IMPORTANT: During Step 1, while the nodes are using a strict majority quorum, node failures
can cause the cluster to go down unexpectedly if the cluster has been using a quorum device before
the configuration change. For example, suppose you change the quorum server polling interval
while a two-node cluster is running. If a node fails during Step 1, the cluster will lose quorum and
go down, because a strict majority of prior cluster members (two out of two in this case) is required.
The duration of Step 1 is typically around a second, so the chance of a node failure occurring
during that time is very small.
In order to keep the time interval as short as possible, make sure you are changing only the quorum
configuration, and nothing else, when you apply the change.
If this slight risk of a node failure leading to cluster failure is unacceptable, halt the cluster before
you make the quorum configuration change.
3.3 How the Package Manager Works
Packages are the means by which Serviceguard starts and halts configured applications. A package
is a collection of services, disk volumes, generic resources , and IP addresses, that are managed
by Serviceguard to ensure they are available.
Each node in the cluster runs an instance of the package manager; the package manager residing
on the cluster coordinator is known as the package coordinator.

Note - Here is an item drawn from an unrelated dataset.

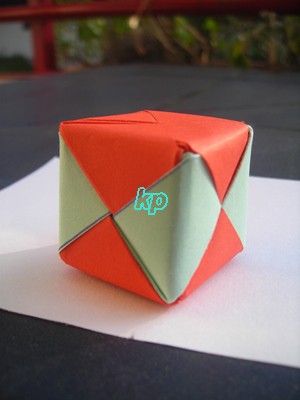 Papierová 3D-kocka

The package coordinator does the following:
Decides when and where to run, halt, or move packages.
The package manager on all nodes does the following:
Executes the control scripts that run and halt packages and their services.

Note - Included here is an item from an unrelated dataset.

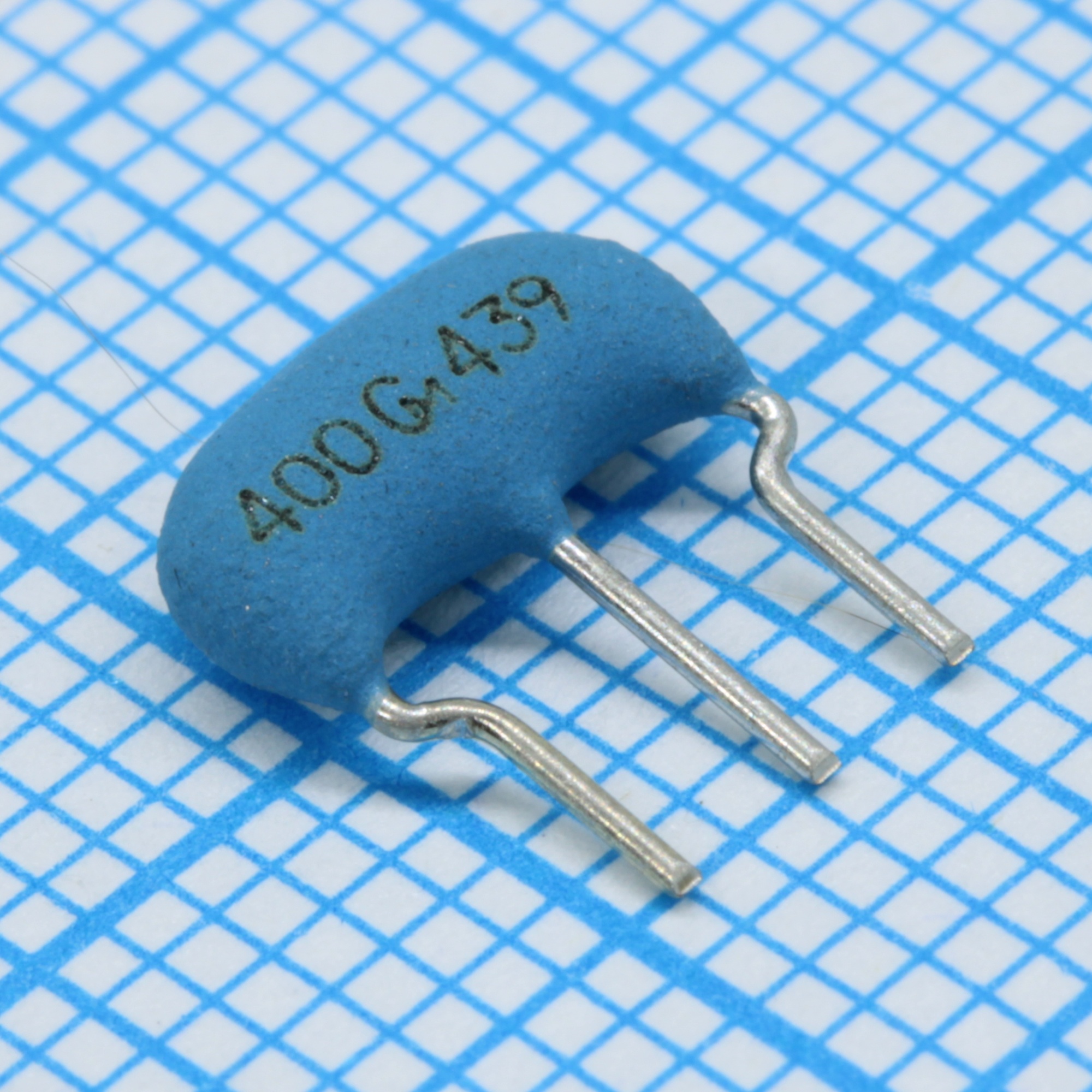 CSTLS4M00G56-B0 - Резонатор керамический 4.0МГц 47пФ монтаж в отверстие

Reacts to changes in the status of monitored resources.
3.3.1 Package Types
Three different types of packages can run in the cluster; the most common is the failoverpackage.
There are also special-purpose packages that run on more than one node at a time, and so do not
fail over. They are typically used to manage resources of certain failover packages.
3.3.1.1 Non-failover Packages
There are two types of special-purpose packages that do not fail over and that can run on more
than one node at the same time: the system multi-node package, which runs on all nodes in the
cluster, and the multi-node package, which can be configured to run on all or some of the nodes
in the cluster. System multi-node packages are reserved for use by HP-supplied applications.
The rest of this section describes failover packages.
3.3.1.2 Failover Packages
A failover package starts up on an appropriate node (see node_name (page 170)) when the cluster
starts. In the case of a service, network, or other resource or dependency failure, package failover
takes place. A package failover involves both halting the existing package and starting the new
instance of the package on a new node.